Waarom een klassiek datawarehouse niet meer voldoende is
Een klassiek datawarehouse is vandaag niet meer voldoende om data te organiseren volgens de huidige normen. Door de evolutie van o.a. Internet of Things is er een overvloed aan (potentiële) data beschikbaar. Deze enorme gegevensverzamelingen worden gekenmerkt door vier dimensies, ook wel bekend als de 4 V’s van big data.
- Volume
De omvang van de datasets die moeten worden geanalyseerd en verwerkt, zijn veel groter geworden. Alleen al het volume van de gegevens vereist andere verwerkingstechnologieën dan de traditionele opslag- en verwerkingscapaciteiten.
- Velocity
De snelheid waarmee informatie binnenkomt, is ook enorm gestegen. Met de komst van 5G zullen we nog verder evolueren richting real-time verwerking omdat gegevens zo snel uitgewisseld kunnen worden.
- Variety
Er zijn veel bronnen die verschillende soorten data opleveren.
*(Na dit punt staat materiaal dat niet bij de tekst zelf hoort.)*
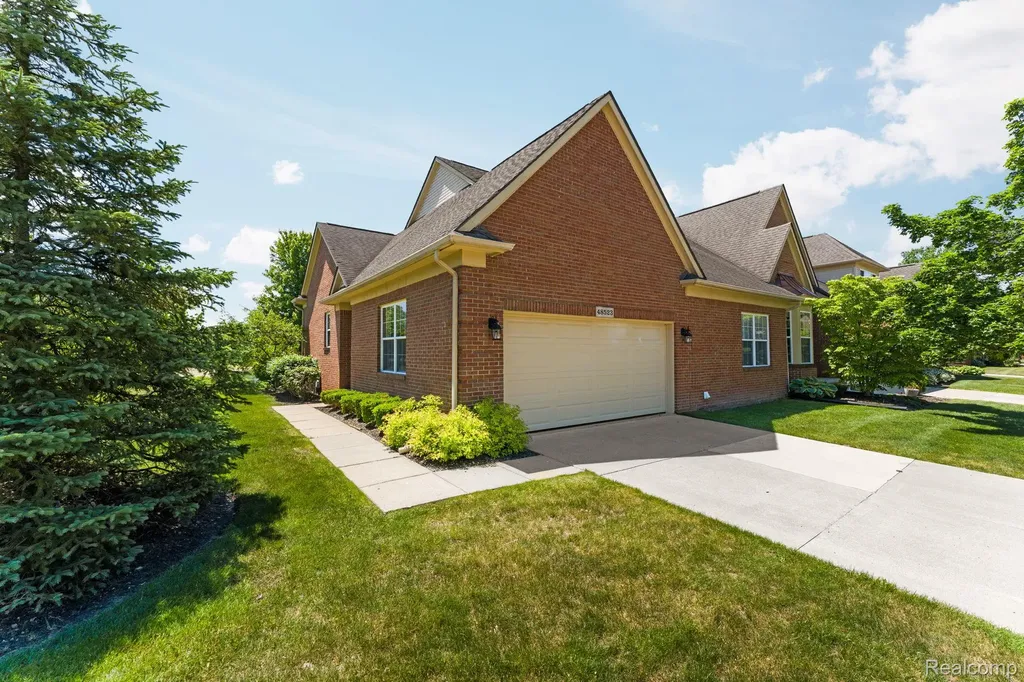 48523 Oak Bridge Drive Canton Charter Township MI 48188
Vroeger had je gestructureerde data die binnenkwam in het datawarehouse. Vandaag is er ook (semi) ongestructureerde data, een aanpassing in de architectuur dringt zich op. Je zou zelfs beroep kunnen doen op gegevens van derde partijen. Door de juiste linken te leggen tussen al die beschikbare data wordt een context gecreëerd en worden complexere vormen van waardecreatie mogelijk.
- Veracity
Dit gaat over de kwaliteit van data. Er is meer nood aan aandacht voor de kwaliteit en juistheid. Data moet de werkelijkheid vertegenwoordigen. Als er enige perceptie of vooroordeel ingebakken zit in de brongegevens, trek je deze perceptie door en maak je daar de waarheid van.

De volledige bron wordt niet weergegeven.